-
Notifications
You must be signed in to change notification settings - Fork 135
Description
Related Issue #231
Background
Current Model approach to working with SPECFEM Fortran models is to ingest as NumPy arrays and perform model perturbations with vector multiplication. This works for moderate-sized models (~100k parameters), but quickly becomes a bottleneck for larger models (global models, anisotropic models etc.). Huge bottlenecks occur at loading models into RAM all at once (requiring GB of RAM), and performing vector manipulations such as multiplying vectors, taking their norm etc.
Approach
To optimize this we will stop addressing entire models as a single vector, and instead loop over available binary files which are already split up by NPROC and parameter by SPECFEM. In most cases we do not need access to the entire model vector at once so this approach should work.

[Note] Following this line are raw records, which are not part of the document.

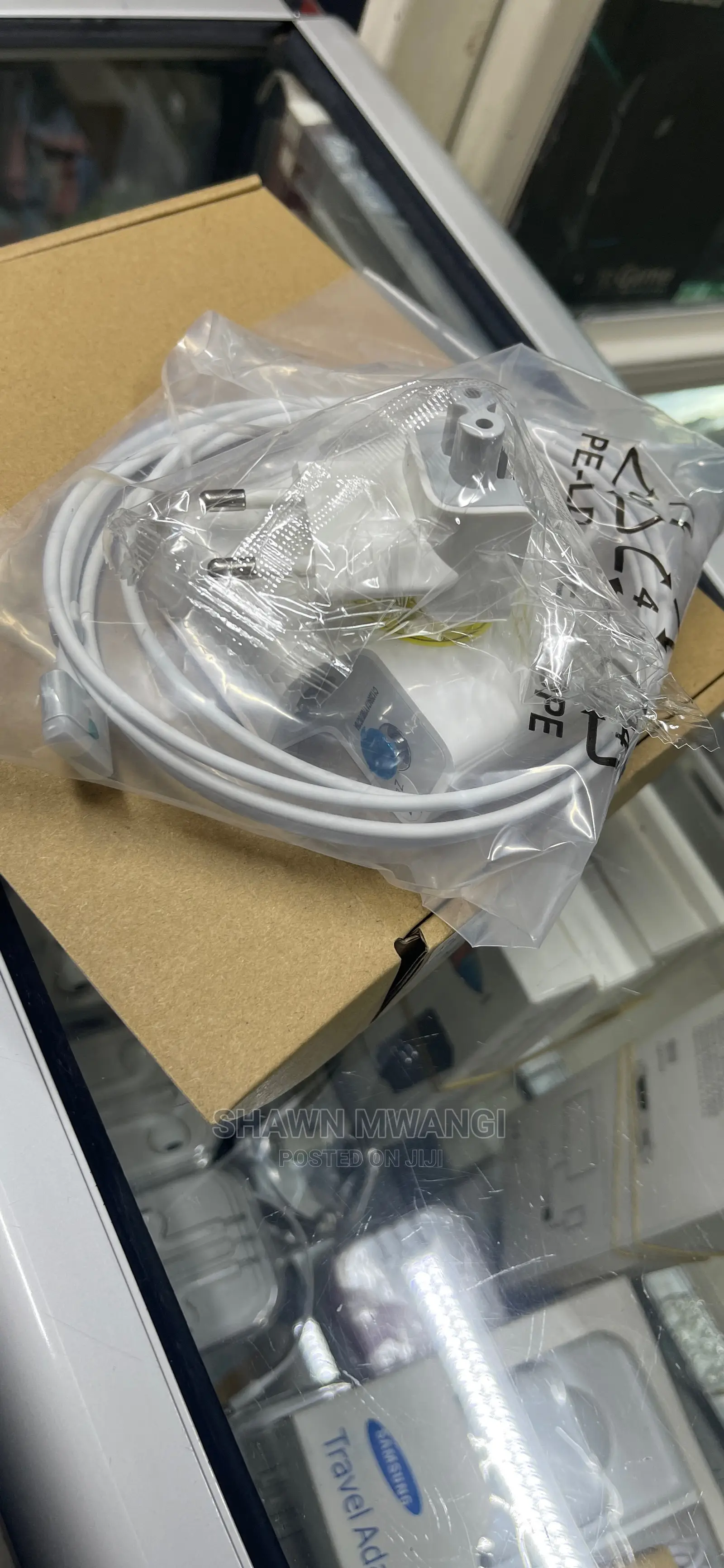 Original Mac Book Tpin Chargers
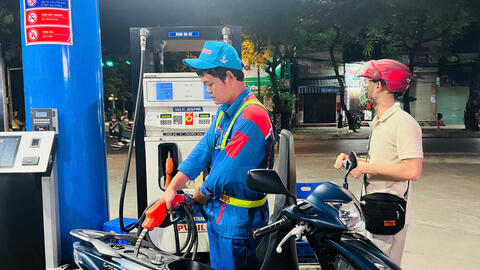 Giá xăng dầu hôm nay 5/2/2026: Thị trường đi ngang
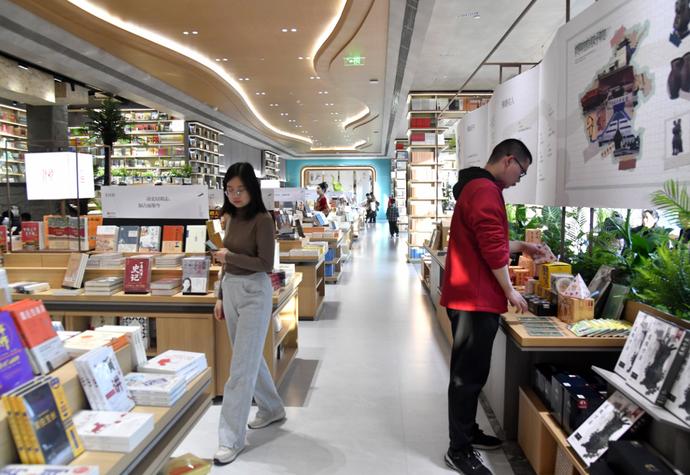 閮戝窞璐功涓績寤轰笟鍑棆骞垮満,涔﹂娌冲崡閮戝窞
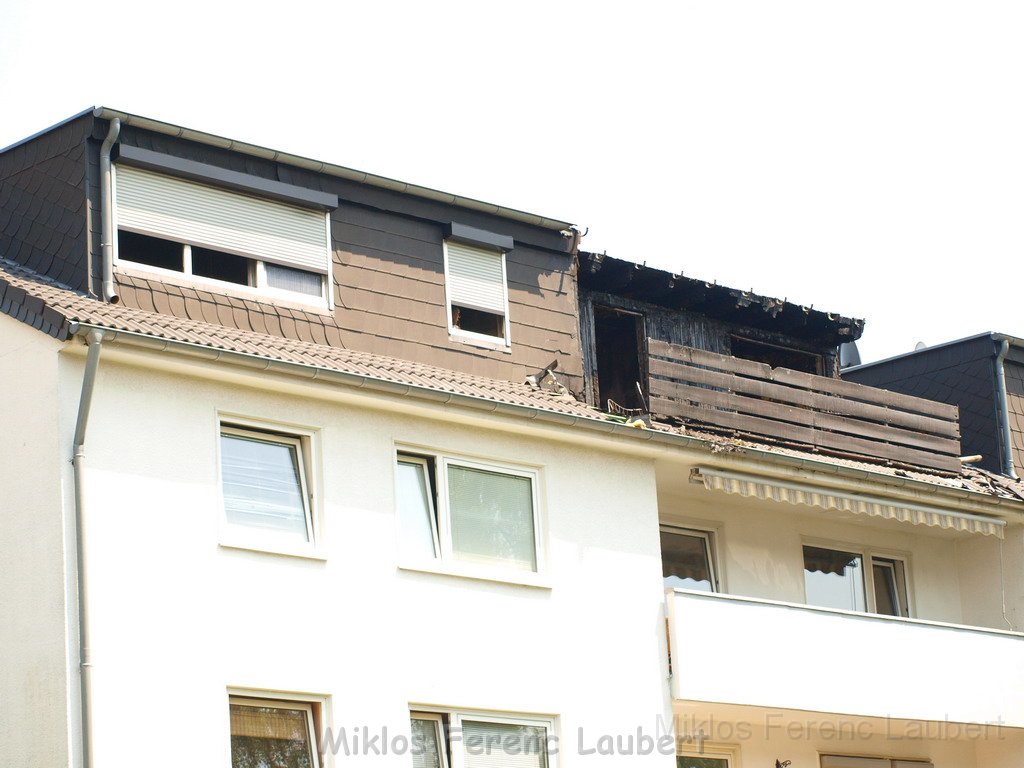 Mark Medlock s Dachwohnung ausgebrannt Koeln Porz Wahn Rolandstr P47.JPG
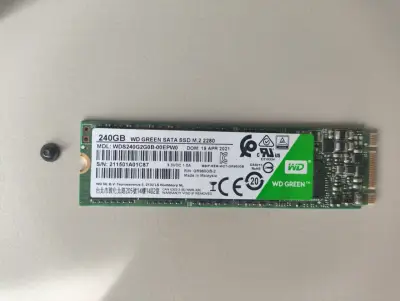SSD WD Green SATA M.2 2280 240GB - miniatura 1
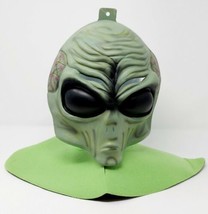 VTG Disguise Plastic Alien Halloween Mask X-Files Roswell Green Big Eyes 1999 - £16.38 GBP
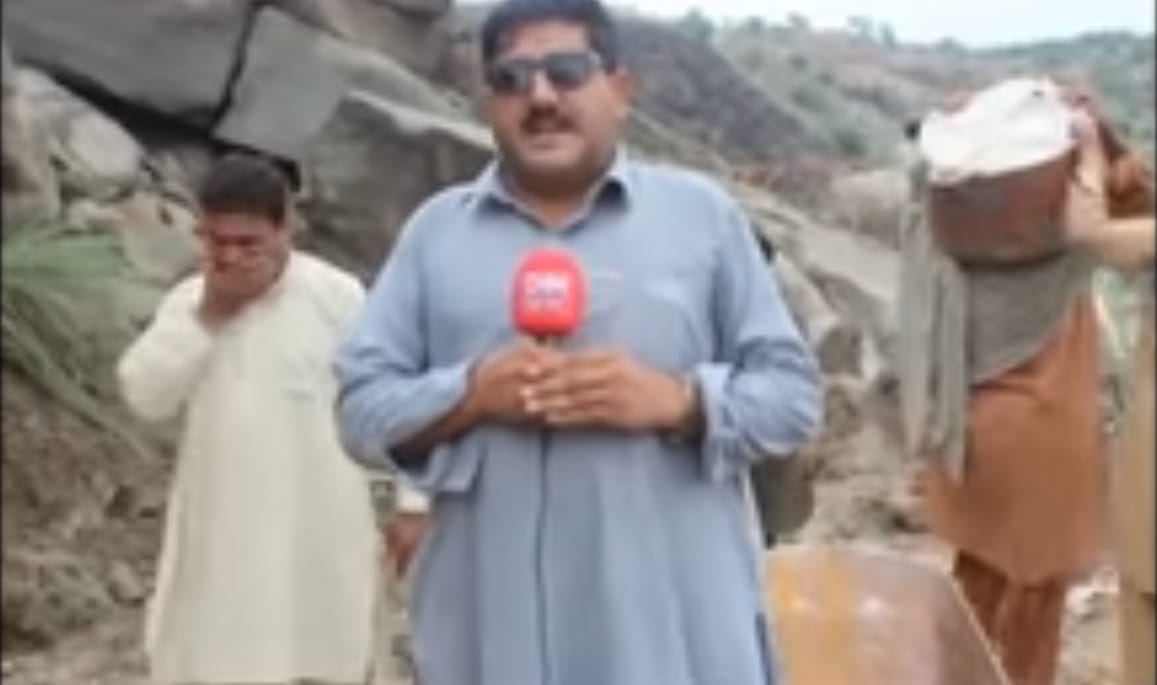 You Might Just Die Of A Laughter Overdose After Watching These News Reporters Fail Miserably At Their Jobs!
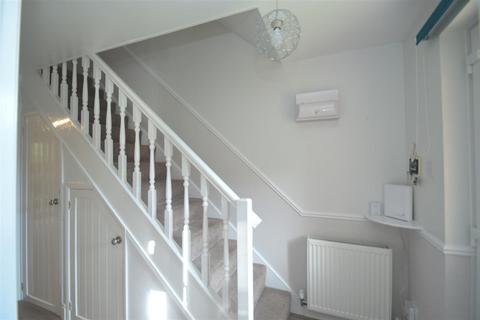 3 bedroom end of terrace house for sale, Linnet Close, Carisbrooke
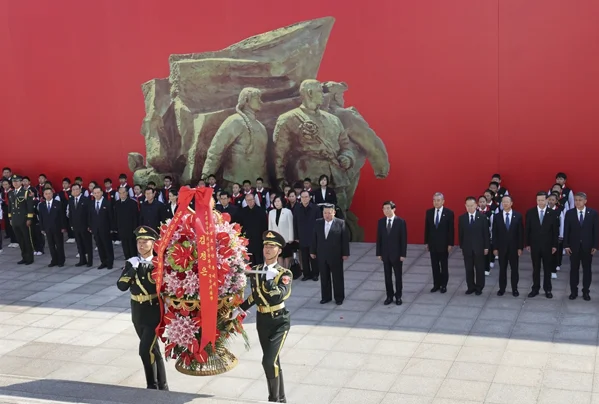 Kim Jong Un’dan Çin’e ziyaret: Gündemde dostluk ve iş birliği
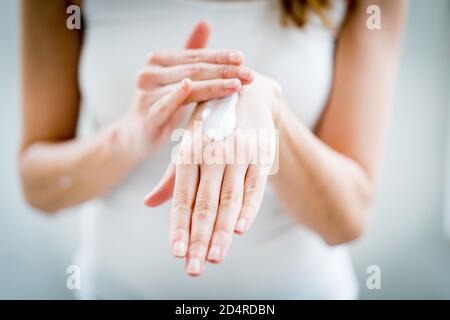 Frau Anwendung feuchtigkeitsspendende Creme. Stockfoto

This also opens up the ability to parallelize (concurrent.futures) this process over multiple processors to speed up the work and allow model manipulation to be done on compute nodes. This should hopefully also allow further separation of compute-heavy tasks from simple file-management.
Tasks to complete:
- Move compute-heavy model manipulation tasks into the Model class. Some of this is still contained in the Optimization module, including
- Optimize.save_vector()
- Optimize.load_vector()
- Optimize.get_stats()
- Remove any leftover storage of Model files as NumPy vectors
- Model.setup() do not read in files immediately, but simply store path to files
- Model class remove any internal storage of parameters on RAM.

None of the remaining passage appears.